Airfoil Click: An Aviation Inspired Pen by Grant Takara

I must first tip my hat to Mr. Grant Takara for being so kind as to send me a prototype to review of his newest creation, the Airfoil Click Pen.  He also kindly provided me a prototype of his last pen a few months ago, The Airfoil, which I found so clever and creative, but when I saw the Airfoil Click I knew he was onto something fantastic.

If you don't recall the original Airfoil campaign, take a minute to look over some of Grant's history with his first venture into the pen design world.  The design is very unique, but his outside of the box approach to conventional pen design is what made me enjoy his last project most.

Grant was also kind enough to reach out a few months ago while still in some of the finishing design phases so I could take a peek and I couldn't wait to get my hands on this thing.

When he offered to send me a prototype I asked if he wouldn't mind sending me an "all silver" version: silver aluminum barrel, silver clip, silver inner sleeve, silver screws, and silver knock.  Just from seeing the design I knew this would be my preference as to try and soak in as much aviation inspired goodness as I could handle and, let's just say, Grant has impressed me with this pen.  It literally takes my mind to where he intends it to go, or like I'm looking at a vintage polished aluminum aircraft.  

With all of this fantastic aviation imagery in my hand, the only thing it may be missing is a pinup girl painted on its side!

If you are familiar with the original Airfoil, you will quickly recognize that while the Airfoil Click takes some reference from the original design, it really is a completely new pen which has been revamped and streamlined beautifully.

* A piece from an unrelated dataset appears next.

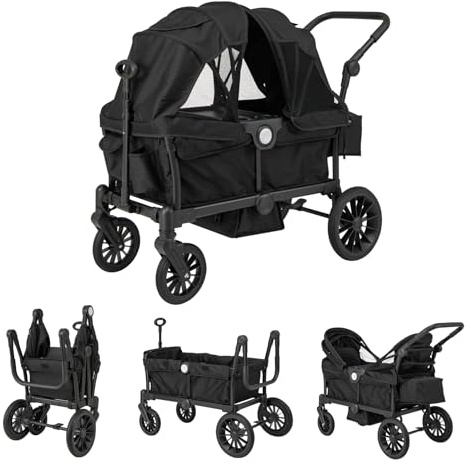 GOPLUS Geschwisterwagen, Zwillingskinderwagen mit 2 Sitzen, Geländereifen, Faltbares Sonnendach, Verstellbarer Griff, Zwillingsbuggy faltbar mit Sicherheitsgurt, Kinderwagen ab 6 Monate (Schwarz)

The first major change is the "fins" or "struts" on the sides.  In the original pen they were much more pronounced, had sharper edges, and were bolted to the tip and tail with hex screws.  I would wager that if there was an element of the last pen that people may not have enjoyed so much, it would have been those.  They made me think of the inner frame of a zeppelin or supports inside an airplane, but for a lot of people holding them in your hand to write may not have appeared most comfortable.

In the new pen, Grant has refined these to be sleek, stylish, and comfortable, but still keep their purpose in the design and help to maintain that Aviation feel that make his products unique.  Rather than being their own separate pieces, they have been machined out of the solid metal barrel.  This provides a more fluid feel to the overall pen design, but also allows him to cut down on extra parts and assembly which is a total win:win in my opinion.

  Airfoil Click Pen Review

Some other aviation styled features are the nose cone front section which could be like the tip of a fighter plane or rocket and the recess where the knock sits is concave like the afterburner of a jet.  Even the clip has some holes drilled through it to maintain some of the "structural" look of an airplane and is reference (like the holes in the "fins") to how plane manufacturers do this to cut down on weight, but maintain integrity of the aircraft.  These subtle details are definitely some of the things that I appreciate most about this pen because so much thought went into the experience of the pen, not simply function.

The tip has three rings machined into it which provide ample grip.  Grant sent me the pen with a Schmidt Safety Ceramic rollerball refill, but I ended up swapping in a 0.5mm Pilot Juice in blue/black as it is my preference.  

The knock being used will be familiar to many as it is the same Schmidt knock used on the Karas Kustoms Retrakt and Tactile Turn Mover and Shaker which is smooth, durable, and all metal.  I can see why this knock is so popular in the Kickstarter scene as it is discreet yet somewhat industrial feeling and is a part that pens can be easily machined to fit.  I can't even imagine how much it would cost to develop your own knock... why reinvent the wheel when this one is popular and works great?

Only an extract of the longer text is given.